Is there a better approach for such a problem? Like maybe utilize indexing schemes or other database advantages? Also, just a confirmation, I am not trying to find rows containing similar text, but rather rows that are similar to each other. Perhaps, a good reasoning I can give is that some rows are different due to typo errors and I want to correct them.

EDIT 2: Open to other ways not using MySQL that could be reasonably comparable to a DB's performance

So after a little research and the answer given below, this will not be so easy and I might have to look into fuzzy matching. Are there any good approaches for this considering that my data is now stored in a database?

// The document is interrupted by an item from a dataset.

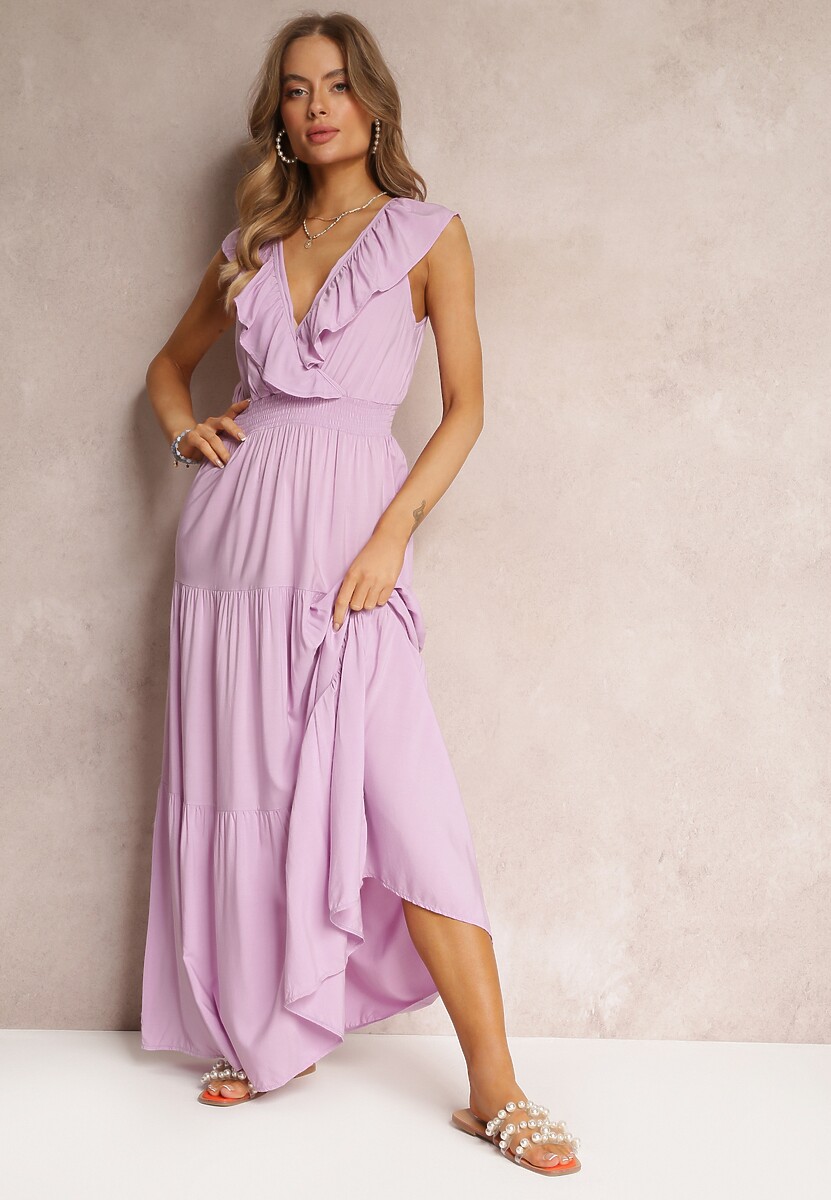 Fioletowa Rozkloszowana Sukienka Maxi z Gumką w Talii i Falbanką Laylani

EDIT 1: Attempt using MySQL's FULLTEXT

mysql> create table fulltextsim(id INT PRIMARY KEY AUTO_INCREMENT, text TEXT, FULLTEXT(text));
Query OK, 0 rows affected (0.44 sec)

mysql> insert into fulltextsim(text) VALUES("The quick brown fox");
Query OK, 1 row affected (0.02 sec)

mysql> insert into fulltextsim(text) VALUES("The qick brwn fox");
Query OK, 1 row affected (0.00 sec)

mysql> insert into fulltextsim(text) VALUES("This is another sentence");
Query OK, 1 row affected (0.00 sec)

mysql> insert into fulltextsim(text) VALUES("Ths is anther sntence");
Query OK, 1 row affected (0.00 sec)

mysql> SELECT * FROM fulltextsim WHERE MATCH(text) AGAINST ('The qick brwn');
| id | text              |
|  2 | The qick brwn fox |
1 row in set (0.02 sec)

mysql> SELECT * FROM fulltextsim WHERE MATCH(text) AGAINST ('The qick fox');
| id | text              |
|  2 | The qick brwn fox |
1 row in set (0.00 sec)

I wanted the 'The quick brown fox' row as well.


Have you looked at MySQL's FULLTEXT functiality?

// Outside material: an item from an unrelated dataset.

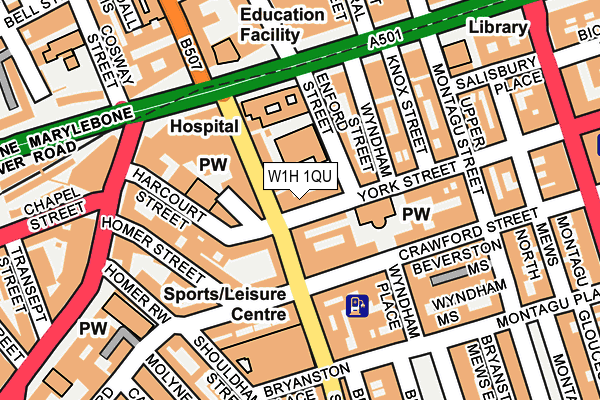 W1H 1QU map - OS OpenMap – Local (Ordnance Survey)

UPDATE -- MySQL's FULLTEXT doesn't seem to support fuzzy searching, which is what you are looking for here. Check out

MySQL does support the SOUNDEX() function, which will match words that sound similar to what is entered, but this does not work for phrases.

So, I think you may be out of luck.

Matthew Flynn
@Matthew: Yes. I did that before posting this question. I updated my post with the results I got. Please correct me if I'm using it incorrectly.
@Matthew: Thank you for the pointers. From what you mentioned, I guess this cannot be done just by using MySQL. I revised my question to a broader range - I am open to 'any' approach that can be reasonably fast on millions of rows.